L'idée même d'un rendement « éternel et
sûr » du capital n'aurait pas pu naître si l'on avait
toujours tiré les conceptions qu'on se fait du placement des capitaux,
de la nature même du capital et de l'entreprise. Une telle conception
s'est formée par assimilation avec la rente sûre de la
propriété foncière et des placements d'État qui
lui sont apparentés. Le droit, en n'admettant pour les placements des
mineurs que les placements fonciers, les hypothèques fondées
sur les biens fondés sur les biens fonciers et les placements
d'État ou d'autres collectivités publiques, a tenu un compte
exact des réalités.
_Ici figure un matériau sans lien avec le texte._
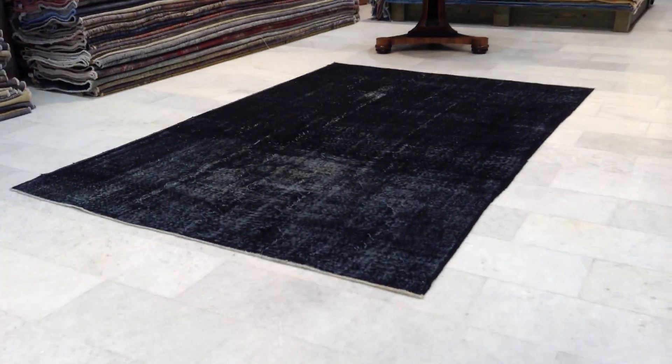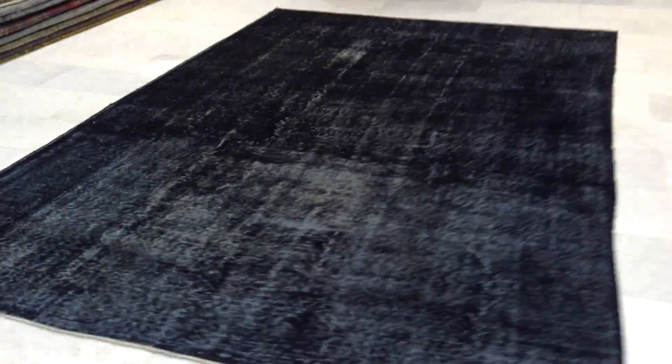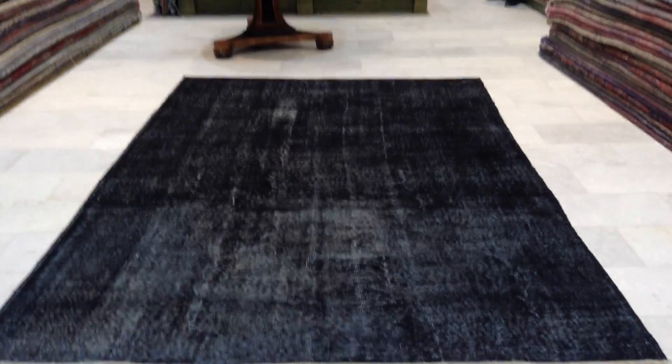This is vintage carpet 8984. It's a Turkish handmade vintage carpet. It's got a very interesting dark color, dark black tone to it. Very interesting, very beautiful.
Dans l'entreprise capitaliste, il n'y a
aucune certitude de revenu, aucune sécurité pour le capital.
Vouloir constituer un majorat ou un fidéicommis en dehors de l'exploitation
agricole, forestière ou minière, au moyen d'entreprises
capitalistes, serait une absurdité.
Mais si les capitaux
ne s'accroissent pas d'eux-mêmes, si leur simple conservation et
à plus forte raison leur fructification et leur accroissement exigent
l'intervention permanente de spéculations heureuses, il ne peut plus
être question d'une tendance des fortunes à s'accroître
continuellement. Les fortunes ne sauraient s'accroître: on les
accroît(7). Pour ce faire l'activité heureuse de l'entrepreneur
est indispensable. Le capital ne se reproduit, ne porte des fruits, ne
s'accroît qu'aussi longtemps que se font sentir les effets d'un
placement heureux. Mais plus les conditions de l'économie se modifient
rapidement et plus courte est la durée d'un bon placement. Les
investissements nouveaux, les transformations de la production, les
innovations exigent toujours des capacités et des dons que seuls de
rares individus possèdent. Lorsque ces qualités se transmettent
d'une génération à l'autre, les descendants peuvent
réussir à conserver et même à accroître le
patrimoine de leurs parents en dépit du partage successoral. Mais si,
comme c'est le plus souvent le cas, les descendants ne possèdent pas
les qualités que la vie exige d'un entrepreneur, la fortune
héritée s'évanouit rapidement. L'entrepreneur enrichi
qui veut conférer la durée à la fortune de sa famille
cherche pour elle un refuge dans la propriété foncière.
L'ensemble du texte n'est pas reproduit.